From: William Overington (WOverington@ngo.globalnet.co.uk)
Date: Fri Aug 16 2002 - 11:58:58 EDT


Tex Texin wrote as follows.

>William,
>
>So let me see if I understand this correctly.
>
>Let's take 2 perfectly good standards, Unicode and HTML,

Yes.

and make some
>very minor tweaks to them,

No.

such as changing the meaning of U+FFFC and a
>special format for filenames in the beginning of the file and a new
>extension, so we have something new.

I have suggested no changes whatsoever to HTML at all.

The only thing which I have suggested in relation to Unicode in this thread
is that, in relation to the fact that information about the object to which
any particular use of U+FFFC refers is kept outside the character data
stream, that it could be a good idea to define a file format .uof so that
details of the names of the files for which the U+FFFC codes are anchors
could be provided in a known format, if and only if end users chose to use a
.uof file for that purpose on that occasion and not otherwise. This was in
the context of seeking to protect the use of U+FFFC as a character which
could be used in interchanging of documents following from the discussion of
U+FFFC and annotation characters in the thread from off of which I spun this
thread, which discussion, by Ken and Doug, is repeated in the first posting
of this present thread.

I thought it a good idea that the Unicode Technical Committee might like to
make such a .uof file format an official Unicode document so as to offer one
possible way to use U+FFFC codes. That is now a matter for discussion. If
the Unicode Consortium wishes to do that, then fine. If the Unicode
Consortium chooses not to do that, then I can write it up myself and publish
it, which is not such a good solution, yet is adequate for my own needs and
might be useful for some other people if they choose to use the same format
for .uof files.

Hopefully I have now managed to raise the issue of protecting the fact that
the U+FFFC character can be used in document interchange and it will
hopefully not become deprecated to the status of a noncharacter.

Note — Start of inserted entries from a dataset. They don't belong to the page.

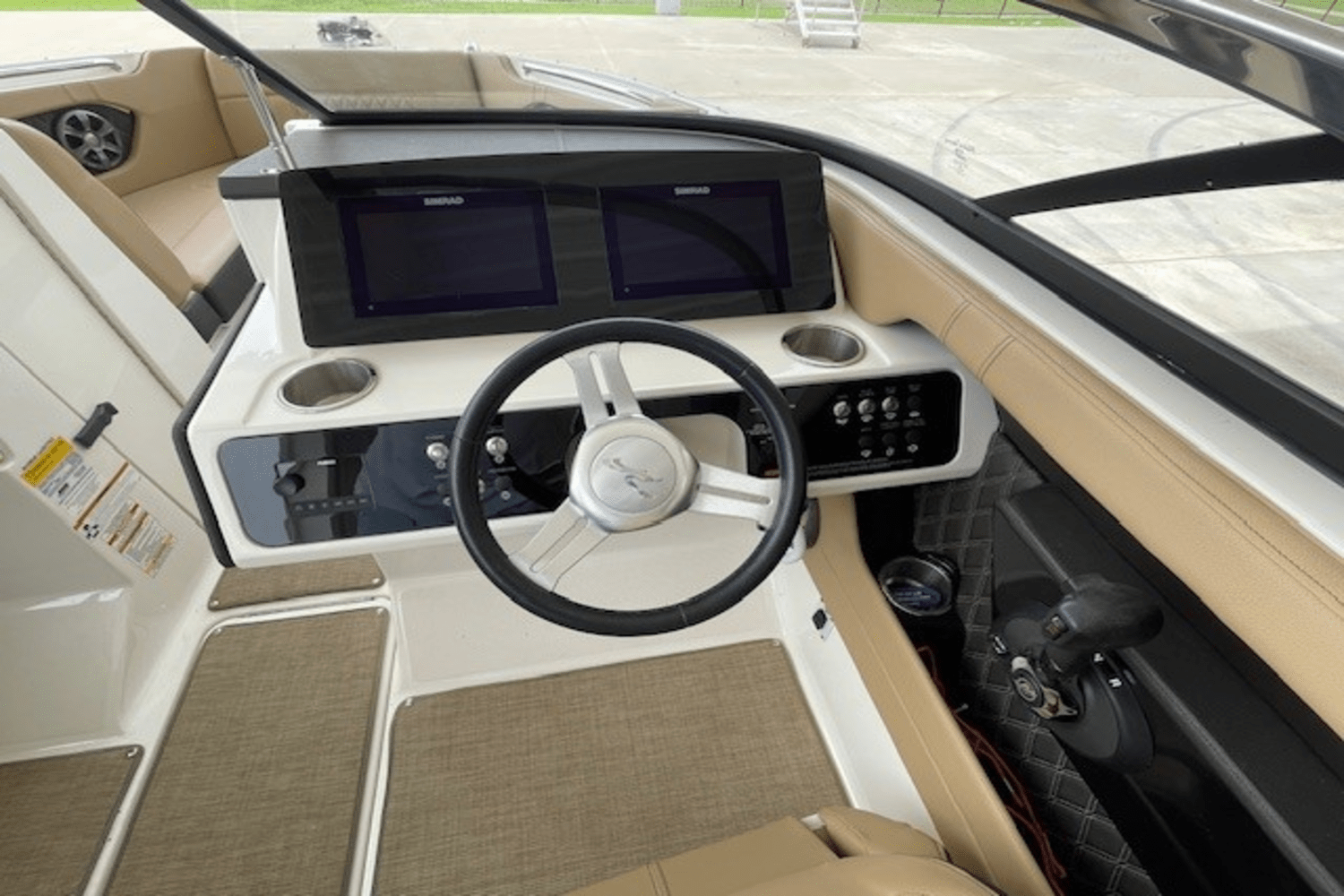 Slide: The Image of Sea Ray 230 SLX 2019 - 22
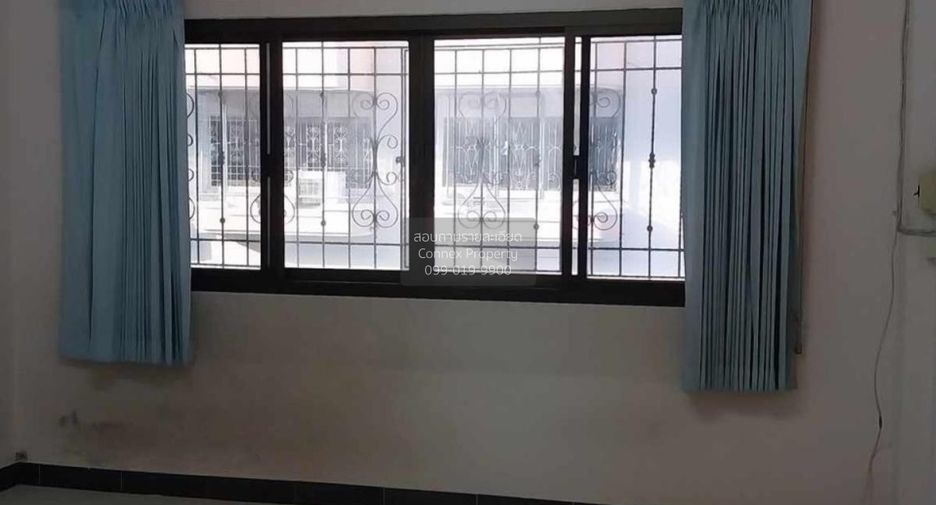 Local comercial en alquiler de 3 habitaciones en Pathum Wan, Bangkok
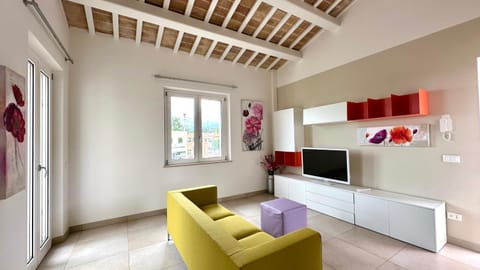 S023 - Sirolo, magnifico trilocale design con terrazzo Apartment in Sirolo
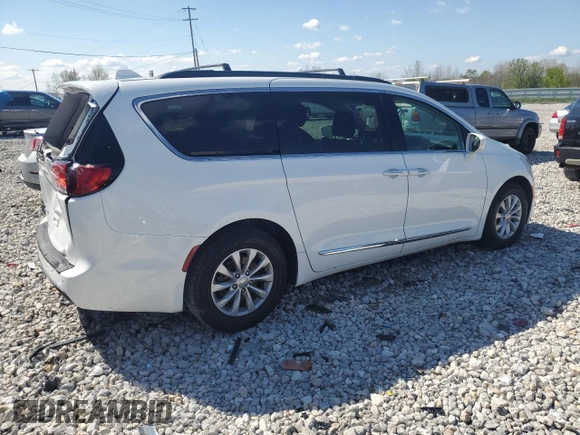 2017 Chrysler Pacifica Touring L z VIN 2C4RC1BG2HR846727, wystawiony jako Copart lot #55104615 z przebiegiem 152 855 mil mil oraz Czysty tytuł • Clean title. Historia ofert i sprzedaży dostępna na DreamBid. Obrazek 3.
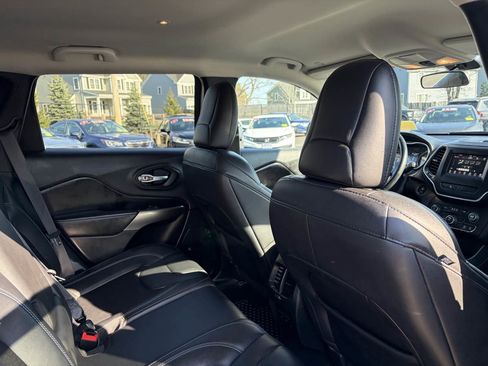 Used 2020 Jeep Cherokee Latitude Plus w/ Cold Weather Group image 25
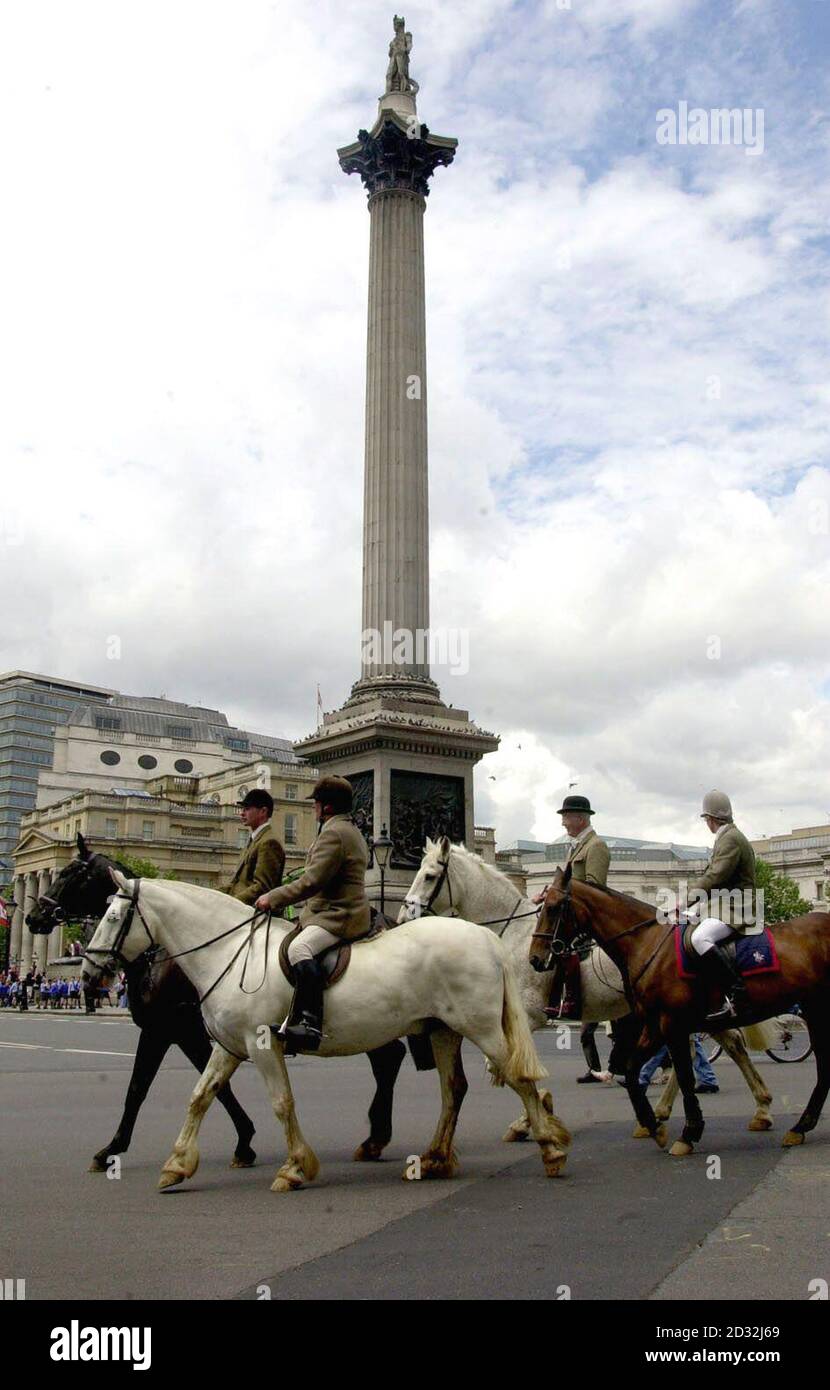 Cinquante cavaliers en costume de chasse défilent dans le centre de Londres, dans une reconstitution de la protestation des agriculteurs de 1949 contre les plans de mettre fin à leur sport.* les manifestants comprendront l'un des deux seuls survivants de la chasse de Piccadilly, qui a participé à la marche originale il y a plus de 50 ans. Banque D'Images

There is a practical reason for this, which is, from my own perspective,
quite important. This is as follows.

The DVB-MHP (Digital Video Broadcasting - Multimedia Home Platform) system
(details at http://www.mhp.org ) which implements my telesoftware invention.
A Java program which has been broadcast can read a Unicode plain text file
and act upon the characters within it, and can read other file formats, such
as .png files (Portable Network Graphics) and act upon the information in
those files, so as to produce a display.

So, a collection of files, namely a .uof file in the format that I suggested
it, a Unicode plain text file with one or more U+FFFC characters in it and
the appropriate graphics files in .png format as a package of free to the
end user distance education learning material being broadcast from a direct
broadcasting satellite or a terrestrial transmitter could be a very useful
facility as the way to carry text with illustrations.

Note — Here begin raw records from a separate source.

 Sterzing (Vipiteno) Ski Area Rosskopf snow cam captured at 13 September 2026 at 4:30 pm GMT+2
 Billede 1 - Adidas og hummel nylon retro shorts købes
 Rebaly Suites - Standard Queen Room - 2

Using HTML and a browser is just not the way to proceed in that situation.
HTML and a browser is a very useful technique for the web and indeed is an
option for the DVB-MHP system, yet the basic software system is Java based.
It is as if the television set is acting as a computer which has a slow read
only access disc drive in the sky from which it may gather information,
including software. The system is interactive with no return information
link to the central broadcasting computer, by means of the telesoftware
invention. Overlays and virtual running with programs bigger than the local
storage being able to be run using chaining techniques are possible. Please
do not think of this as downloading as no uplink request is made!

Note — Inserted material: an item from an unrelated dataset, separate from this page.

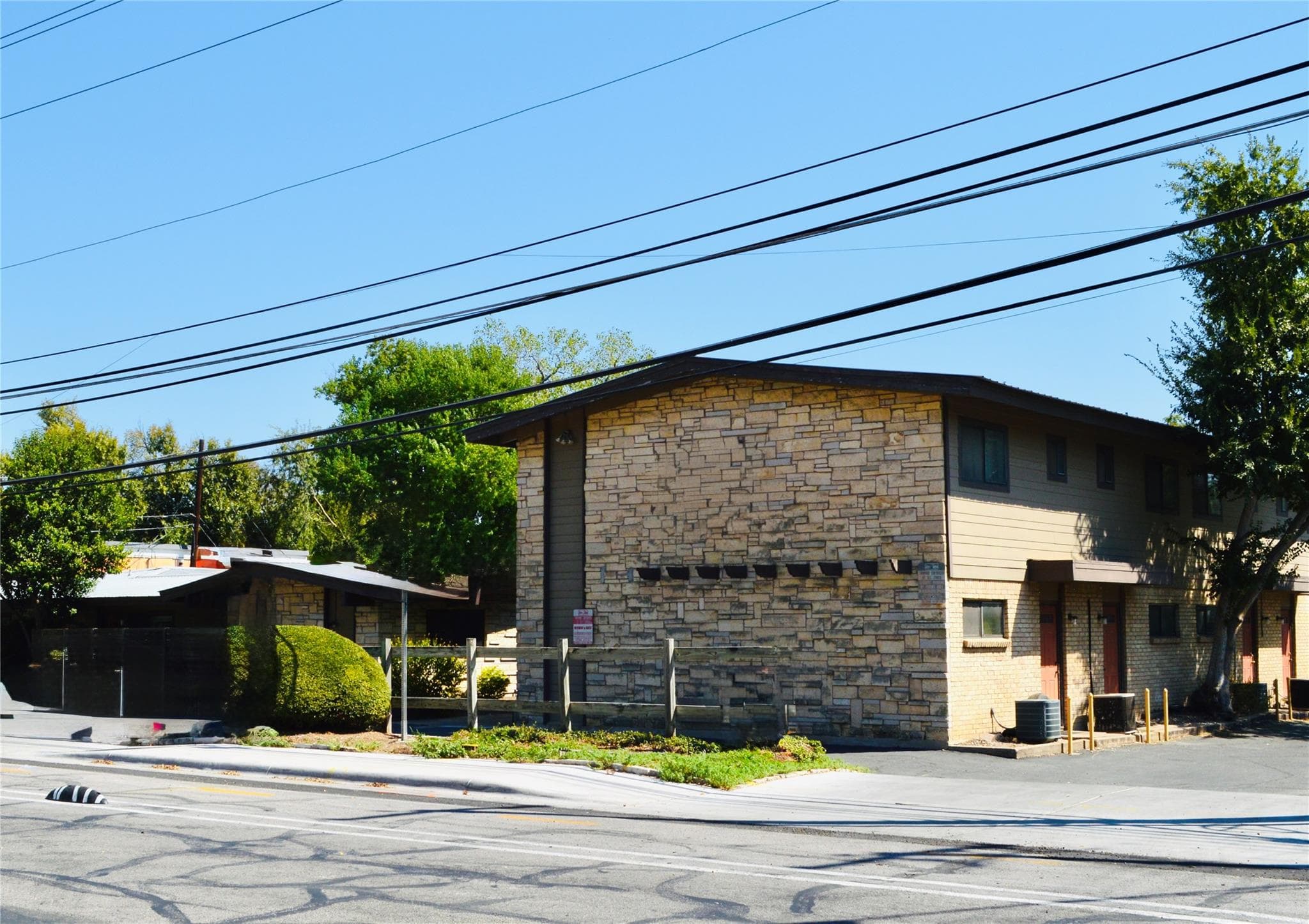 5001  Bull Creek Rd  #102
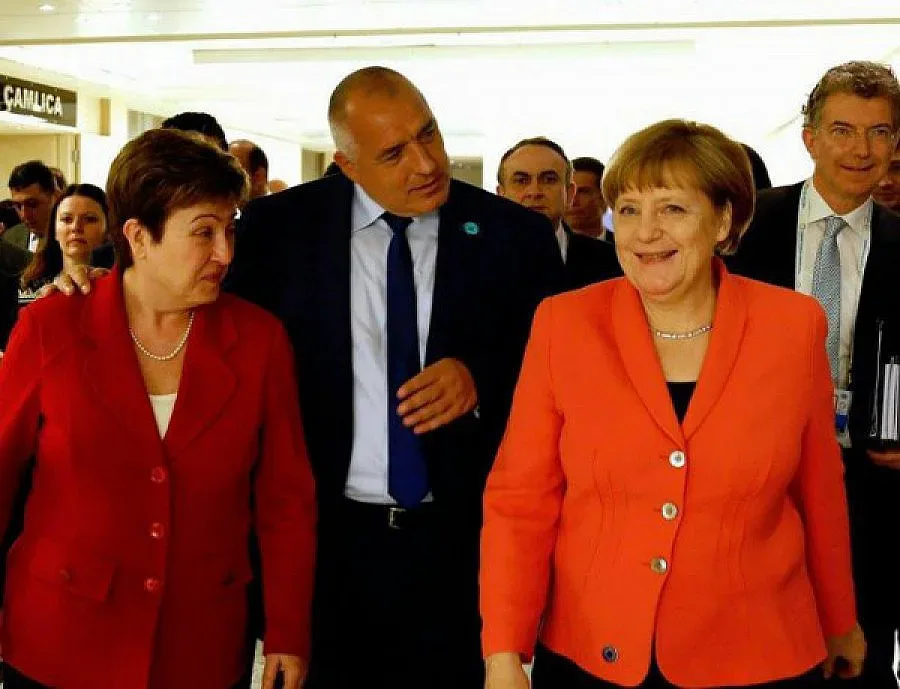 Експерт: Не сме изолирани от световната криза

>Now the big benefit of this completely new thing,

Well, it's only a way of sender and receiver being able to have information
in a file with the suffix .uof about what objects are being anchored by
U+FFFC codes in a Unicode plain text file which it accompanies.

is that programs that
>do desktop publishing can use plain text files which are not quite plain
>text because they have some special formatting,

Well, the plain text files are only Unicode plain text which might contain
one or more U+FFFC characters and some of the other Unicode control
characters such as CARRIAGE RETURN.

but now they can publish
>them in better manner than before.

Well, my thinking is that it would help to have a well known way to express
the meaning of the anchors encoded by U+FFFC in a file rather than having
only a vague specification that all other information about the object is
kept outside the data stream. I am saying that, yes, all other information
about the object is kept outside the data stream and, if, and only if, end
users choose to use a .uof file in a standard format to convey that
information for some particular use of a U+FFFC code, then that format could
be considered for definition and publication by the Unicode Consortium.
That does not seem unreasonable to me. If I have suggested something which
is not possible then please say so and I can publish such a .uof format
myself. However, as U+FFFC is a regular Unicode character I did not feel
that it would be correct to just do that unless the Unicode Consortium does
not wish to do that.

Certainly, I would much prefer that the Unicode Consortium chose to publish
a .uof format, yet the key issue in this thread is that the U+FFFC code
point not become deprecated as a noncharacter, as it can then be used in the
future in Unicode compliant systems.

>For example, plain text with
>pictures. This is great. (It is true that it is less capable than if we
>had just used enough html to do the same thing, but .uof is more like
>plain text than html is.) Programmers will be happy because now they can
>support plain text with just a few tweaks. Oh I almost forgot, they also
>have to support Unicode, but slightly tweaked. And they can also support
>HTML, with some minor tweaks for .uof.

No tweaks for HTML or for Unicode, just, if they choose to use it, a
convenient standardized way to express the meanings of the anchors, using a
separate, accompanying .uof file, which is just a plain text file or a
straightforward fancy text file at the choice of the programmer, depending
upon whether minimum or greater file addressing information is included in
the .uof file.

>Of course programmers don't mind
>supporting lots of variations of the same thing.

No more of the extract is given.